Hormis cependant ce genre d’hypothèses, seuls les abus sont sanctionnables. Et au titre des abus, il y a le prosélytisme, c’est-à-dire le comportement par lequel un salarié veut imposer sa pratique à un autre. D’où la question : à partir de quel moment un comportement peut-être qualifié de prosélyte ? Si on fait l’exégèse de la délibération de la HALDE, on peut légitimement se demander si les actes de pression ou d’agression correspondent à des illustrations d’un comportement prosélyte ou si, au contraire, ils décrivent des comportements autonomes différents pouvant justifier une sanction de l’employeur.

L’enjeu est loin d’être anodin :

- si on retient la première interprétation, alors il paraîtra difficile d’estimer que la simple distribution d’un feuillet contenant des commentaires religieux correspond à du prosélytisme, sauf à ce que la personne s’obstine à vouloir distribuer les feuillets en question à des personnes qui auraient expressément manifesté leur refus ;

- si on retient la deuxième interprétation, alors toute démarche religieuse à l’égard d’un de ses collègues peut être qualifiée de prosélyte.

On a donc le droit de parler de sa religion et en aucune manière l’employeur ne peut interdire ce genre de discussion.

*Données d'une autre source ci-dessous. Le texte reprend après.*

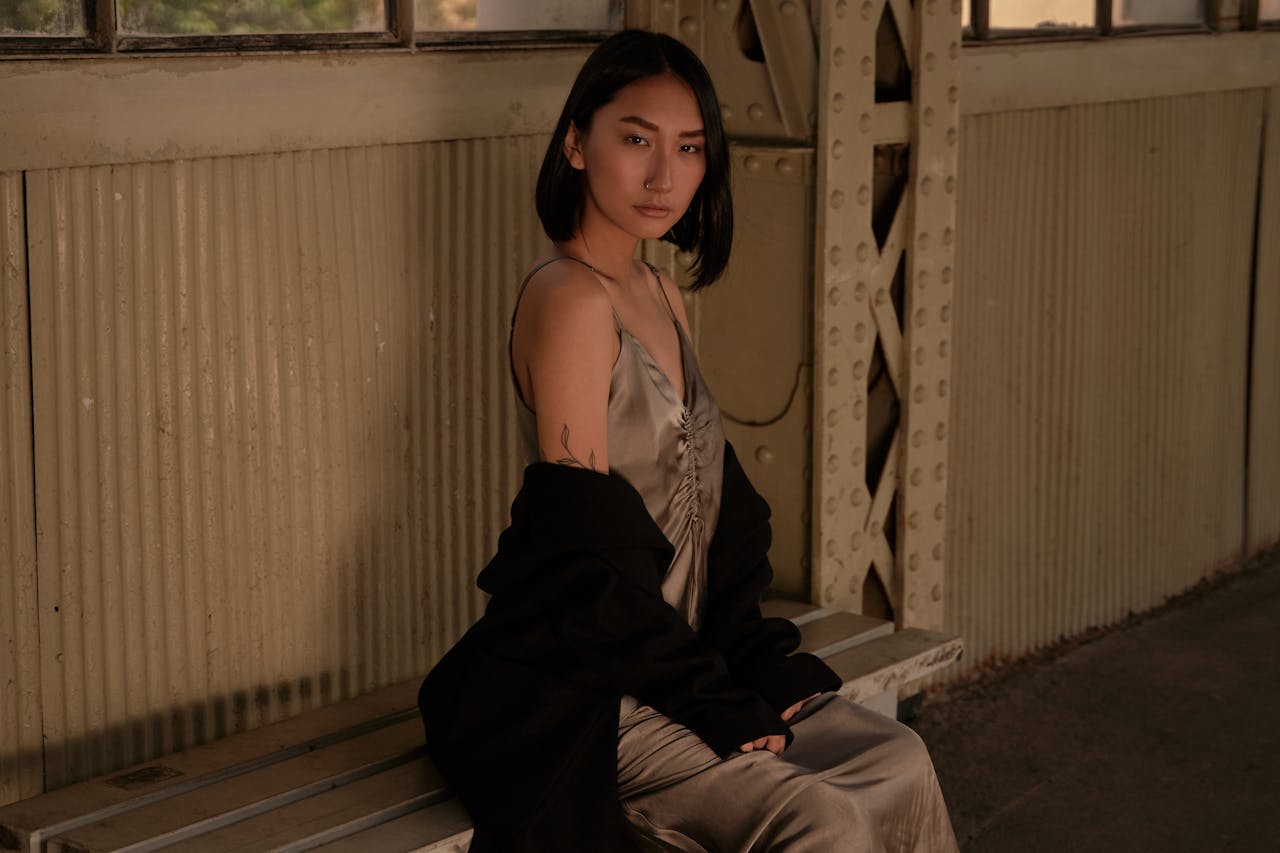 An elegant woman in a silk dress poses stylishly on a wooden bench indoors.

En revanche, lorsque la discussion se prolonge par des actes alors on s’expose à tomber sous le coup d’une sanction si l’employeur estime ce comportement abusif.

Dans tous les cas de figure, compte tenu de l’interdiction de discrimination, la HALDE rappelle que si l’employeur prend des mesures restrictives à ce sujet dans l’entreprise, l’employeur doit être en mesure de démontrer que ces limitations sont fondées sur des éléments objectifs étrangers à toute discrimination et qu’elles sont proportionnées au regard des tâches concrètes de ses employés et du contexte de leur exécution.

de la liberté d’expression ou a-t-on le droit de faire sa prière dans l’entreprise ?

La HALDE, en dépit du caractère général de l’énoncé de sa délibération, n’aborde pas ce problème. Pourtant, prier, on pense par exemple à Minha, relève précisément du droit fondamental de pratiquer sa religion énoncé à l’article 9 de la Convention européenne de sauvegarde des droits de l’homme. Nous voudrions donc essayer d’exposer quelques éléments de réponse.

De façon générale, compte tenu de ce que l’on a exposé précédemment, il faut faire attention à ce que l’acte de prier ne puisse pas être qualifié d’acte prosélyte. Il paraît donc difficile de lancer un appel dans l’entreprise pour constituer un mynian par exemple.

De façon particulière, se pose inévitablement la question de l’empiètement du temps de prière sur le temps de travail. A ce stade, tout dépend du statut du salarié. S’il relève de ce que l’on appelle une convention de forfait jours, alors il ne tient qu’à lui à organiser son temps de travail comme il l’entend. En effet, dans cette hypothèse, la rémunération est déconnectée du temps de travail puisqu’elle évolue en fonction du nombre de jours travaillés.

Si, en revanche, le salarié est tenu par la réglementation du temps de travail, à savoir la semaine de trente cinq heures, alors la situation devient plus complexe. La réglementation prévoit que tout salarié dispose de vingt minutes de repos toutes les six heures de travail. Durant ce temps de repos, le salarié peut vaquer à des occupations personnelles, pour reprendre l’expression utilisée par le législateur. Si on s’en tient à cette simple règle, il a donc parfaitement le droit de faire sa prière sous réserve de ne pas être prosélyte.

Pour autant, l’employeur dispose de la possibilité de réglementer ce temps de pause et de le fractionner. Par exemple, pour reprendre une situation validée par la jurisprudence, la période de vingt minutes peut être répartie en trois minutes par heure. Dans ce cas, le salarié a toujours le droit de vaquer à des occupations personnelles mais il devra seulement agir plus rapidement.

Dans tous les cas, l’employeur n’a aucune obligation de mettre un local à disposition des salariés qui souhaiteraient prier. On recommandera donc les parkings en l’absence de bureau privatif. Bref, pas facile d’être religieux dans l’entreprise sans vivre dans une certaine crainte … de l’employeur.